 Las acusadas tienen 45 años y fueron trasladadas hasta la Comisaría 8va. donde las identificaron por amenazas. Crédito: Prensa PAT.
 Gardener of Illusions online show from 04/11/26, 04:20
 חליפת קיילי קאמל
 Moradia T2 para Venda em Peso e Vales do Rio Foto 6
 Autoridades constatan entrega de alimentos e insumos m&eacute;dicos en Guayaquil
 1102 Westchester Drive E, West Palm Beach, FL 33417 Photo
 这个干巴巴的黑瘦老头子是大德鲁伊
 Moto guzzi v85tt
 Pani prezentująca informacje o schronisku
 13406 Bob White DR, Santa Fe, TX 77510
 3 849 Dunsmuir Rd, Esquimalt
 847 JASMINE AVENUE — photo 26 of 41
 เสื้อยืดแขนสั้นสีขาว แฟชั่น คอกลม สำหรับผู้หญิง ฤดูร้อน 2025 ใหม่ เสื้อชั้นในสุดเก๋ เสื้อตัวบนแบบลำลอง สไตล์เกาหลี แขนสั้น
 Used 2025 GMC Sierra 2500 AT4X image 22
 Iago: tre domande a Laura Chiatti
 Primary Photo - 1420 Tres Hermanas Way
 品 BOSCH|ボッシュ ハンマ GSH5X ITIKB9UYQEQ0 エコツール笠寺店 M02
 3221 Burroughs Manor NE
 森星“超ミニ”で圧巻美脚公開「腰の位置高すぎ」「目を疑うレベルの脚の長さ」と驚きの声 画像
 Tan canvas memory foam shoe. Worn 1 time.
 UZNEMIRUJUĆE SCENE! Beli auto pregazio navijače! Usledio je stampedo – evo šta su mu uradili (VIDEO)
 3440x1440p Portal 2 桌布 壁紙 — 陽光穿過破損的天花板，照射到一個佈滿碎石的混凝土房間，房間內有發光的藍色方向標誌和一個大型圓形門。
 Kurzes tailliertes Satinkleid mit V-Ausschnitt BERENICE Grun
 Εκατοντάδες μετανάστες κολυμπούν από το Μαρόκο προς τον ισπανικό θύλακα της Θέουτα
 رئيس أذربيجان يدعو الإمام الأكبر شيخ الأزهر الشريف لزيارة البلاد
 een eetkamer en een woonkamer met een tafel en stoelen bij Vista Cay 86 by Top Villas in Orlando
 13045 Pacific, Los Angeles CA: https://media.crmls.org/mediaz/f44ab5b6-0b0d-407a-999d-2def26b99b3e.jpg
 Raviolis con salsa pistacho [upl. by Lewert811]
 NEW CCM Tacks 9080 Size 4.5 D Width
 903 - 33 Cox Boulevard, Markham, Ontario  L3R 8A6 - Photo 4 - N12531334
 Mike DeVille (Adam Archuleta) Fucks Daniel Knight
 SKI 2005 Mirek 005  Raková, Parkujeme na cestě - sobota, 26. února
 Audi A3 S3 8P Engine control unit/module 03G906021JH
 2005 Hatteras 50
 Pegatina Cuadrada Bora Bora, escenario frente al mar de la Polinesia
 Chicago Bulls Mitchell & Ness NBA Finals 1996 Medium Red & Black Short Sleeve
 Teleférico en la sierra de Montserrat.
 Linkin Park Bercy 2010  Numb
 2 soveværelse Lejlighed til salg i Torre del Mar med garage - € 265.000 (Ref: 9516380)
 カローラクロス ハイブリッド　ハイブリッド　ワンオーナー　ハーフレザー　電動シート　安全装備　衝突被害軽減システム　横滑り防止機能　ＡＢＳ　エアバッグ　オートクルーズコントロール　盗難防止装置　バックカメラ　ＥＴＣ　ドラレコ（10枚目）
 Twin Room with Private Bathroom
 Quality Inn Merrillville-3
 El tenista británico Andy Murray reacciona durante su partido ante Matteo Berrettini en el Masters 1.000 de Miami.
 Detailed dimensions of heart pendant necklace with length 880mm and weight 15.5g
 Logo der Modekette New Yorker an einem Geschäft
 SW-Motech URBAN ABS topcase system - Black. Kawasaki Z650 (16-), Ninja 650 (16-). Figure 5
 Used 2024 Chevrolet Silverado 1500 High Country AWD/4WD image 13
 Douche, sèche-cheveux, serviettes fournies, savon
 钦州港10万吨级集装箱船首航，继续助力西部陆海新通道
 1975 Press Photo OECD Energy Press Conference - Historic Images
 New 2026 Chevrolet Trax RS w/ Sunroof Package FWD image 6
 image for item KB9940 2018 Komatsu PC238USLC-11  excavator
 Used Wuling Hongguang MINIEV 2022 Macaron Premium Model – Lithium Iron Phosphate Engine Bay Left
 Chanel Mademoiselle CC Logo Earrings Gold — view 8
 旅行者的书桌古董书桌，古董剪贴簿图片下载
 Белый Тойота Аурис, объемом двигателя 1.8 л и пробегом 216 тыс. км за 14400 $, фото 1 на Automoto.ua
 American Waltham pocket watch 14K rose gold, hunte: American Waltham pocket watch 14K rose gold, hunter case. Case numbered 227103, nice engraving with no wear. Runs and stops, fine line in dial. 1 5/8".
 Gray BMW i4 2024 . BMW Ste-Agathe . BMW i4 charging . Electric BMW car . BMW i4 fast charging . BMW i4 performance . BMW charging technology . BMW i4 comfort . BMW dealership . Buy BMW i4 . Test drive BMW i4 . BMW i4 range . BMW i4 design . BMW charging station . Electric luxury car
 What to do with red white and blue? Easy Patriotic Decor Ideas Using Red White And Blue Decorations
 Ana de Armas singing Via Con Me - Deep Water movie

====

**EXERCISE INSTRUCTIONS**
Retype the records above exactly, so that no line differs from its source.

**RESPONSE TO THE TASK**
 Las acusadas tienen 45 años y fueron trasladadas hasta la Comisaría 8va. donde las identificaron por amenazas. Crédito: Prensa PAT.
 Gardener of Illusions online show from 04/11/26, 04:20
 חליפת קיילי קאמל
 Moradia T2 para Venda em Peso e Vales do Rio Foto 6
 Autoridades constatan entrega de alimentos e insumos m&eacute;dicos en Guayaquil
 1102 Westchester Drive E, West Palm Beach, FL 33417 Photo
 这个干巴巴的黑瘦老头子是大德鲁伊
 Moto guzzi v85tt
 Pani prezentująca informacje o schronisku
 13406 Bob White DR, Santa Fe, TX 77510
 3 849 Dunsmuir Rd, Esquimalt
 847 JASMINE AVENUE — photo 26 of 41
 เสื้อยืดแขนสั้นสีขาว แฟชั่น คอกลม สำหรับผู้หญิง ฤดูร้อน 2025 ใหม่ เสื้อชั้นในสุดเก๋ เสื้อตัวบนแบบลำลอง สไตล์เกาหลี แขนสั้น
 Used 2025 GMC Sierra 2500 AT4X image 22
 Iago: tre domande a Laura Chiatti
 Primary Photo - 1420 Tres Hermanas Way
 品 BOSCH|ボッシュ ハンマ GSH5X ITIKB9UYQEQ0 エコツール笠寺店 M02
 3221 Burroughs Manor NE
 森星“超ミニ”で圧巻美脚公開「腰の位置高すぎ」「目を疑うレベルの脚の長さ」と驚きの声 画像
 Tan canvas memory foam shoe. Worn 1 time.
 UZNEMIRUJUĆE SCENE! Beli auto pregazio navijače! Usledio je stampedo – evo šta su mu uradili (VIDEO)
 3440x1440p Portal 2 桌布 壁紙 — 陽光穿過破損的天花板，照射到一個佈滿碎石的混凝土房間，房間內有發光的藍色方向標誌和一個大型圓形門。
 Kurzes tailliertes Satinkleid mit V-Ausschnitt BERENICE Grun
 Εκατοντάδες μετανάστες κολυμπούν από το Μαρόκο προς τον ισπανικό θύλακα της Θέουτα
 رئيس أذربيجان يدعو الإمام الأكبر شيخ الأزهر الشريف لزيارة البلاد
 een eetkamer en een woonkamer met een tafel en stoelen bij Vista Cay 86 by Top Villas in Orlando
 13045 Pacific, Los Angeles CA: https://media.crmls.org/mediaz/f44ab5b6-0b0d-407a-999d-2def26b99b3e.jpg
 Raviolis con salsa pistacho [upl. by Lewert811]
 NEW CCM Tacks 9080 Size 4.5 D Width
 903 - 33 Cox Boulevard, Markham, Ontario  L3R 8A6 - Photo 4 - N12531334
 Mike DeVille (Adam Archuleta) Fucks Daniel Knight
 SKI 2005 Mirek 005  Raková, Parkujeme na cestě - sobota, 26. února
 Audi A3 S3 8P Engine control unit/module 03G906021JH
 2005 Hatteras 50
 Pegatina Cuadrada Bora Bora, escenario frente al mar de la Polinesia
 Chicago Bulls Mitchell & Ness NBA Finals 1996 Medium Red & Black Short Sleeve
 Teleférico en la sierra de Montserrat.
 Linkin Park Bercy 2010  Numb
 2 soveværelse Lejlighed til salg i Torre del Mar med garage - € 265.000 (Ref: 9516380)
 カローラクロス ハイブリッド　ハイブリッド　ワンオーナー　ハーフレザー　電動シート　安全装備　衝突被害軽減システム　横滑り防止機能　ＡＢＳ　エアバッグ　オートクルーズコントロール　盗難防止装置　バックカメラ　ＥＴＣ　ドラレコ（10枚目）
 Twin Room with Private Bathroom
 Quality Inn Merrillville-3
 El tenista británico Andy Murray reacciona durante su partido ante Matteo Berrettini en el Masters 1.000 de Miami.
 Detailed dimensions of heart pendant necklace with length 880mm and weight 15.5g
 Logo der Modekette New Yorker an einem Geschäft
 SW-Motech URBAN ABS topcase system - Black. Kawasaki Z650 (16-), Ninja 650 (16-). Figure 5
 Used 2024 Chevrolet Silverado 1500 High Country AWD/4WD image 13
 Douche, sèche-cheveux, serviettes fournies, savon
 钦州港10万吨级集装箱船首航，继续助力西部陆海新通道
 1975 Press Photo OECD Energy Press Conference - Historic Images
 New 2026 Chevrolet Trax RS w/ Sunroof Package FWD image 6
 image for item KB9940 2018 Komatsu PC238USLC-11  excavator
 Used Wuling Hongguang MINIEV 2022 Macaron Premium Model – Lithium Iron Phosphate Engine Bay Left
 Chanel Mademoiselle CC Logo Earrings Gold — view 8
 旅行者的书桌古董书桌，古董剪贴簿图片下载
 Белый Тойота Аурис, объемом двигателя 1.8 л и пробегом 216 тыс. км за 14400 $, фото 1 на Automoto.ua
 American Waltham pocket watch 14K rose gold, hunte: American Waltham pocket watch 14K rose gold, hunter case. Case numbered 227103, nice engraving with no wear. Runs and stops, fine line in dial. 1 5/8".
 Gray BMW i4 2024 . BMW Ste-Agathe . BMW i4 charging . Electric BMW car . BMW i4 fast charging . BMW i4 performance . BMW charging technology . BMW i4 comfort . BMW dealership . Buy BMW i4 . Test drive BMW i4 . BMW i4 range . BMW i4 design . BMW charging station . Electric luxury car
 What to do with red white and blue? Easy Patriotic Decor Ideas Using Red White And Blue Decorations
 Ana de Armas singing Via Con Me - Deep Water movie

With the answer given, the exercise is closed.